The code structure of this project in the repo is pretty much the same with the code in the 3rd post. In this case though I’ve only used a single command. I’ll copy-paste the text needed from the previous post.

After you build and flash the firmware on the STM32F7 (read the for more detailed info), you can use a serial port to either send commands via a terminal like cutecom or interact with the jupyter notebook. The firmware supports two UART ports on the STM32F7. In the first case the commands are just ASCII strings, but in the second case it’s a binary flatbuffer schema. You can find the schema in `source/schema/schema.fbs` if you want to experiment and change stuff. In the firmware code the handing of the received UART commands is done in `source/src/main.cpp` in function `dbg_uart_parser()`.

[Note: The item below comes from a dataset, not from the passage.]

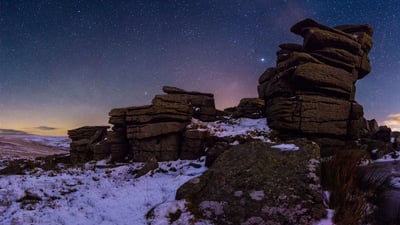 Bing wallpaper January 7, 2024. Great Staple Tor, Dartmoor National Park (© MattStansfield/E+/Getty Images)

The command protocol is plain simple (115200,8,n,1) and its format is:

where ID is a number and each number is a different command. So:
CMD=1, runs the inference of the hard-coded hand-drawn digit (see below)

This is how I’ve connected the two UART ports in my case. Also have a look the repo’s file for the exact pins on the connector.

Note: More copy-paste from the previous post is coming, as many things are the same, but I have to add them here for consistency.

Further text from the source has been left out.